We live in communities large and small, all of us, and this morning, Maria and I took a few minutes to sort out this storm conflict, it flared up yesterday and this morning. She is tired from all the work. I said I thought it is natural for two people who love one another to worry about each other.

It is  hard for me to see her work so hard – and quite competently – in such harsh conditions, I see how tired she sometimes is.

I know she can handle it, I just am struggling to come to grips with what i can’t handle. She is generous and giving, it would please her if I didn’t come out for a minute in this weather, and she would do all of the work herself without complaint.

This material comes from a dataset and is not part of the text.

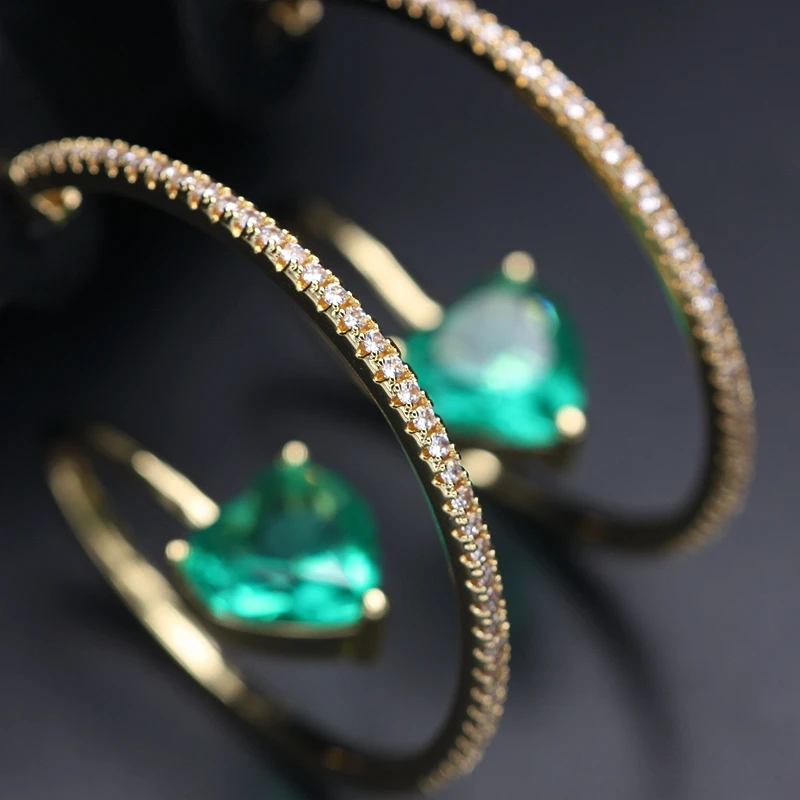 Золотой обруч серьги зеленый в форме сердца Кристалл Камень круглые серьги для женщин высокое качество белый кубический цирконий ювелирный подарок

That might be a wise thing for me to do.

But the truth is, I just can’t do it.

I told her I meant it when I said I wouldn’t go out, but then when I see her out there shoveling the walks again and hauling water, I just get dressed and come out to help. In my defense, I don’t stay out for long, and this weekend, I  won’t stay out for more than five minutes. I know frostbite, I don’t take it lightly, and my heart protests when I’m taking in that kind of freezing air.

So we worked it out. It just took us a few minutes, we’ve dealt with harder things.

This morning, she went to shovel a path, I went to brush off the cars and clean up after the dogs. I shoveled the cars out, shoveled the back porch and went inside. That was quite comfortable for me, and I left her to do what she needed to do, without my hovering around and trying to help out.

It is a good compromise, and a realistic one.  I am grateful for the storm, because it brought back the sense that we are all  connected to one another, despite what we see in the news, despite what the politicians do to us,  in more ways than we acknowledge.

Nobody refuses to stop to help a neighbor shovel out their walk because they voted for somebody else.

And no loving spouse can watch their partner work and work without wishing they could help more. That is the nature of life, I think, the pulse of the true humanity.